Task objective
The entries that follow must be given again exactly, with the pictures excluded.

[Short web captions]
╭──

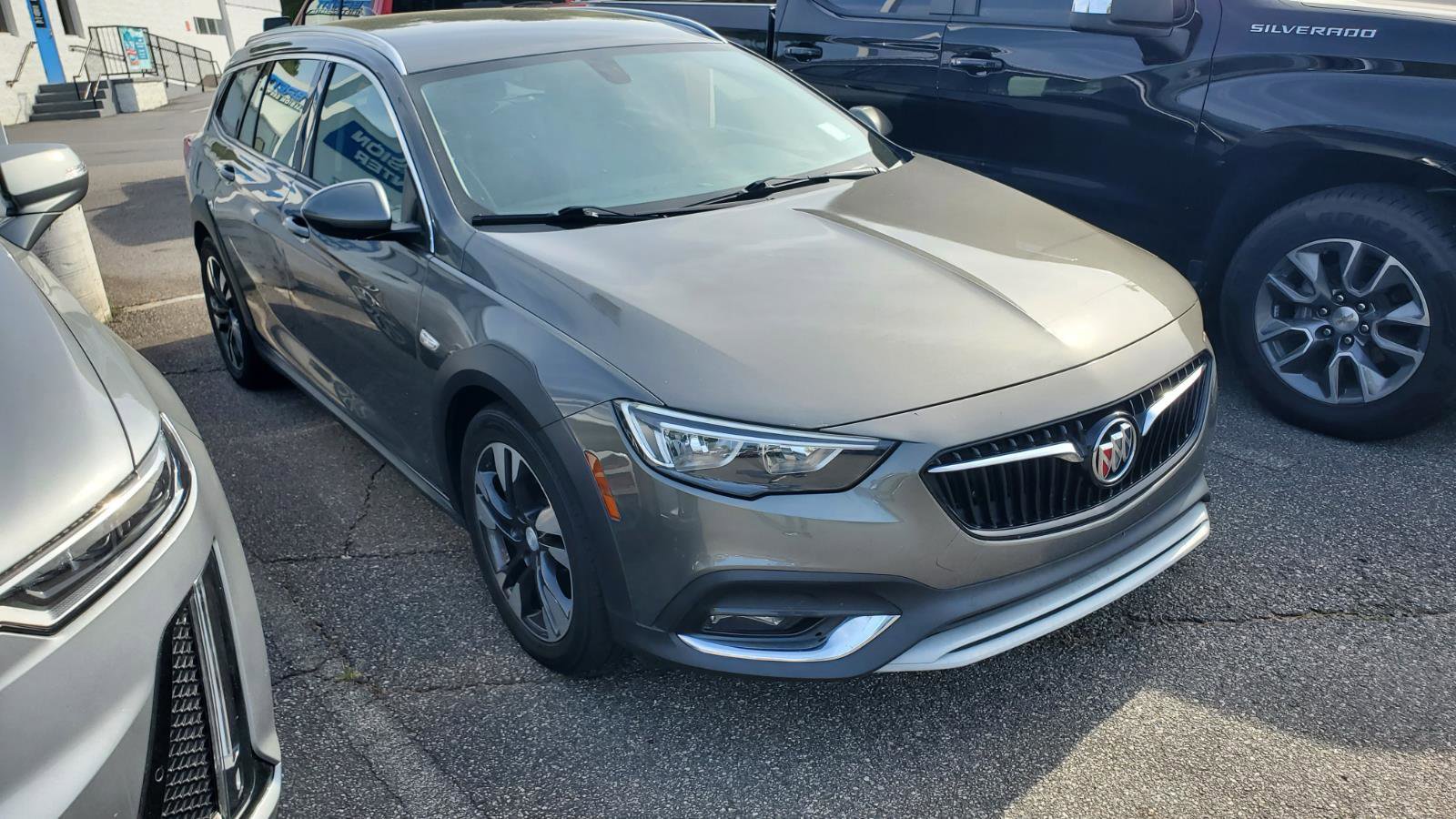 Used 2019 Buick Regal Essence w/ Sights and Sounds Package image 2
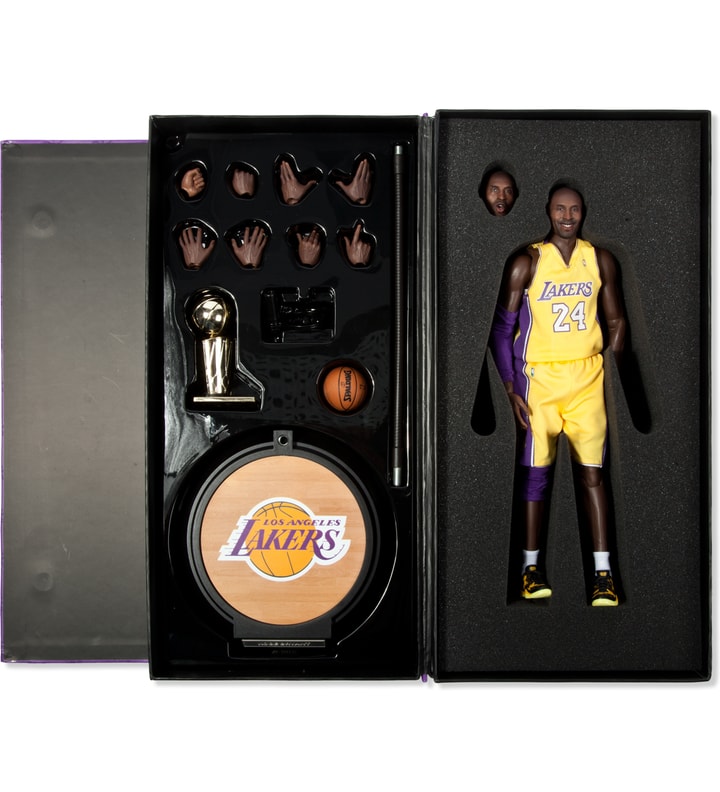 Real Masterpiece: NBA Collection - Kobe Bryant  Placeholder Image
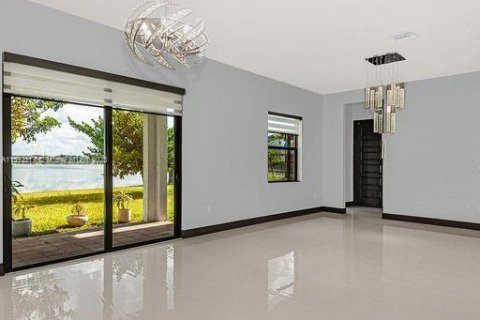 Купить виллу или дом в Майами-Лейкс, Флорида 4 спальни, 264.49м2, № 522425 - фото 23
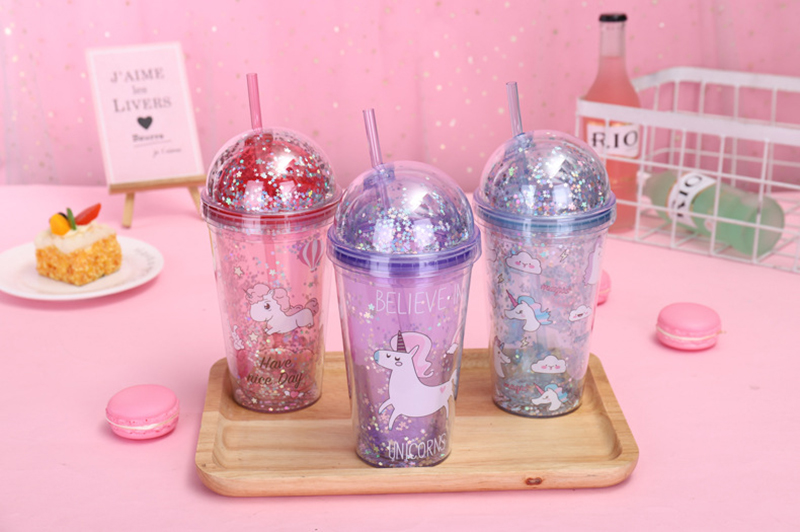 Cốc nhựa Kèm ống hút kim tuyến Kỳ Lân - 450ml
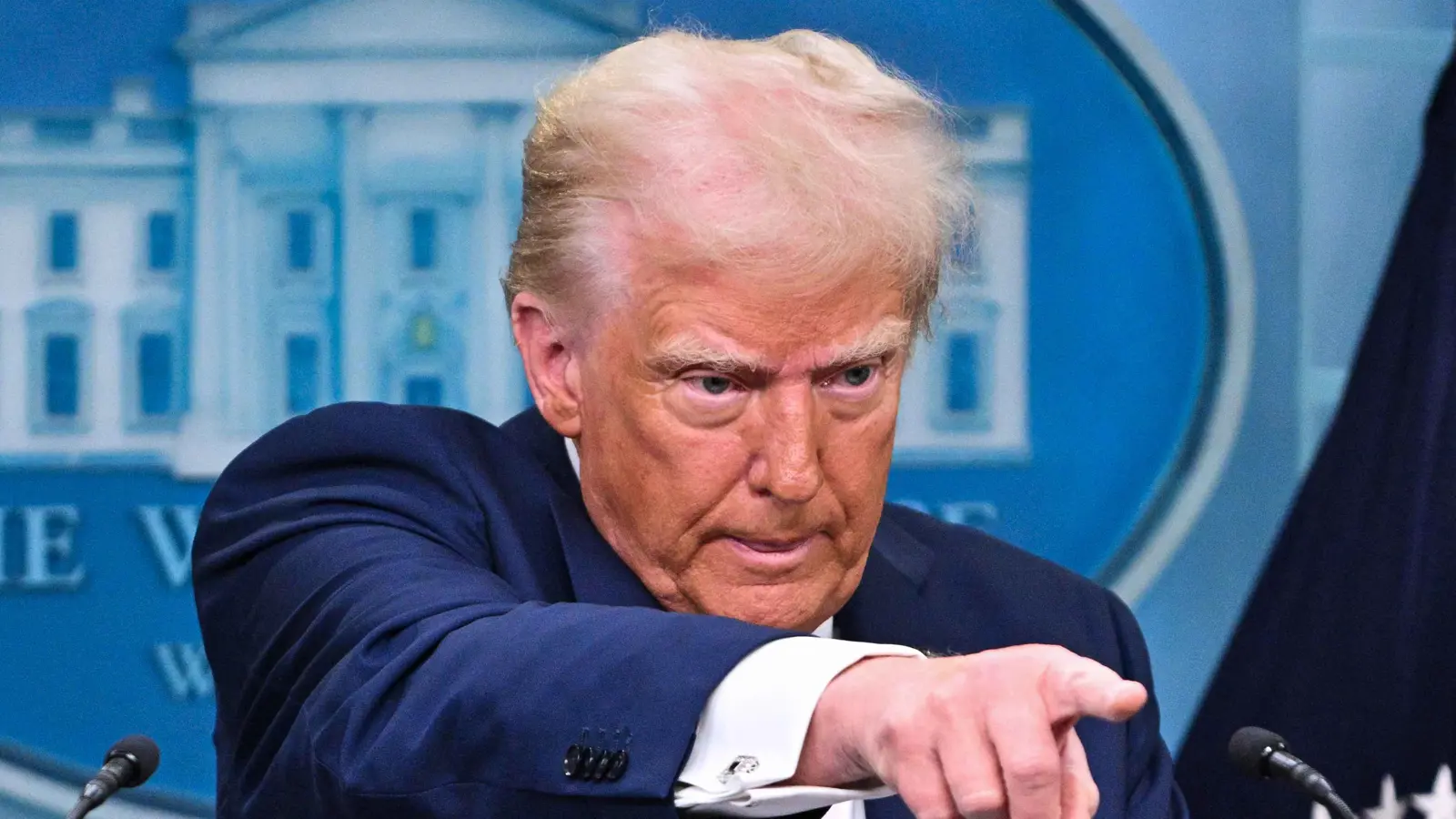 ترامب ينهي وكالة التنمية الدولية.. هل تخلت أمريكا عن "وجهها الناعم"؟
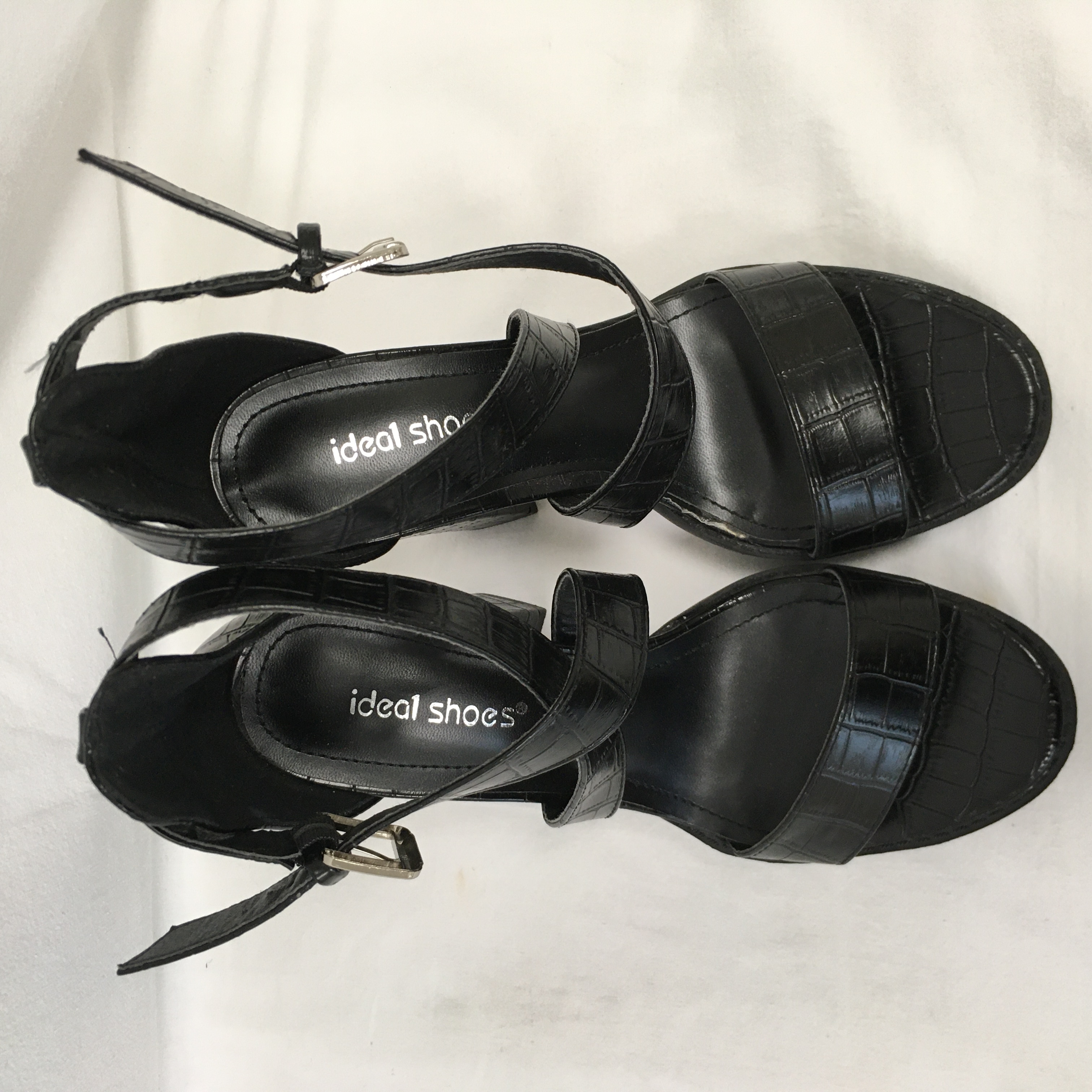 sandale à haut talons noir  - ideal shoes -p39  -  reconditionné disponible sur Label Emmaüs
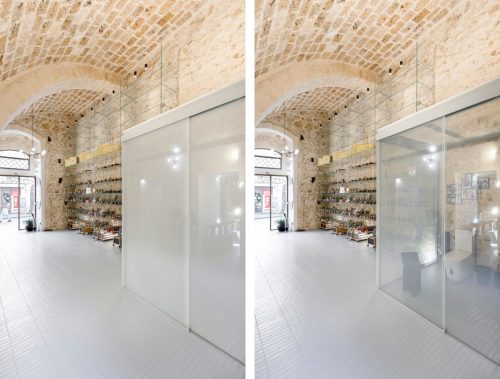 Esterno del bagno con vetro oscurante, acceso e spento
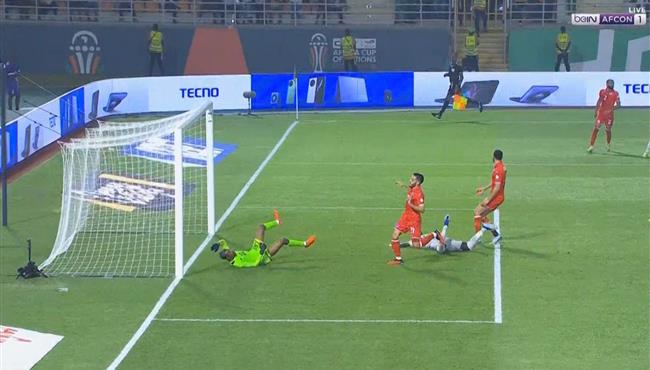 لاعب مالي يهدر هدف محقق بطريقة غريبة امام تونس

╰──

Solved exercise
 Used 2019 Buick Regal Essence w/ Sights and Sounds Package image 2
 Real Masterpiece: NBA Collection - Kobe Bryant  Placeholder Image
 Купить виллу или дом в Майами-Лейкс, Флорида 4 спальни, 264.49м2, № 522425 - фото 23
 Cốc nhựa Kèm ống hút kim tuyến Kỳ Lân - 450ml
 ترامب ينهي وكالة التنمية الدولية.. هل تخلت أمريكا عن "وجهها الناعم"؟
 sandale à haut talons noir  - ideal shoes -p39  -  reconditionné disponible sur Label Emmaüs
 Esterno del bagno con vetro oscurante, acceso e spento
 لاعب مالي يهدر هدف محقق بطريقة غريبة امام تونس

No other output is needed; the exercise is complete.